> _Exercise description_: An exact copy of the data is required, with no pictures in it.

Extracted records:
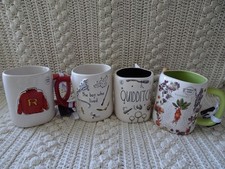 Juego de 4 tazas Rae Dunn HARRY POTTER RON WEASLEY QUIDDITCH MANDRÁGORA DOBLE CARA NUEVO CON ETIQUETAS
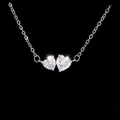 Vista macro del ciondolo a doppio cuore in zirconia su una fine catena d'argento - Doppio Cuore Fianco a Fianco (DZ12648-KD-01)
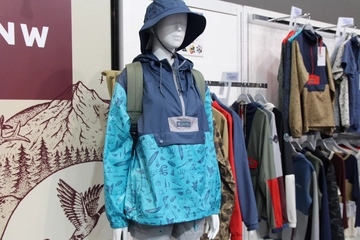 アノラックパーカーのおすすめ17選！人気ブランドやおしゃれコーデも紹介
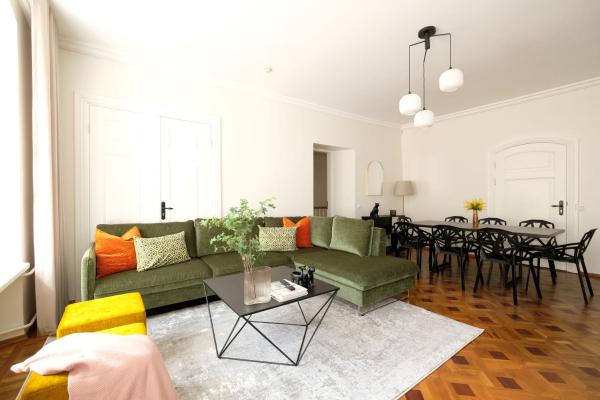 The photo shows the Tallinn City Apartments 4 bedroom Toompea Old Town located in the city of Toompea.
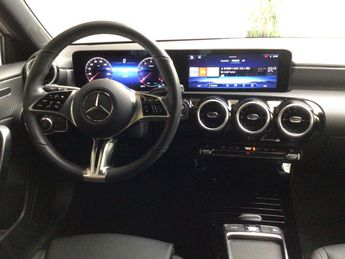 Voir d&eacute;tails -Mercedes Classe A 180 Progressive Line Advanced/AHK/MBUX/V &agrave; Leimbach (68)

> _Answer_:
 Juego de 4 tazas Rae Dunn HARRY POTTER RON WEASLEY QUIDDITCH MANDRÁGORA DOBLE CARA NUEVO CON ETIQUETAS
 Vista macro del ciondolo a doppio cuore in zirconia su una fine catena d'argento - Doppio Cuore Fianco a Fianco (DZ12648-KD-01)
 アノラックパーカーのおすすめ17選！人気ブランドやおしゃれコーデも紹介
 The photo shows the Tallinn City Apartments 4 bedroom Toompea Old Town located in the city of Toompea.
 Voir d&eacute;tails -Mercedes Classe A 180 Progressive Line Advanced/AHK/MBUX/V &agrave; Leimbach (68)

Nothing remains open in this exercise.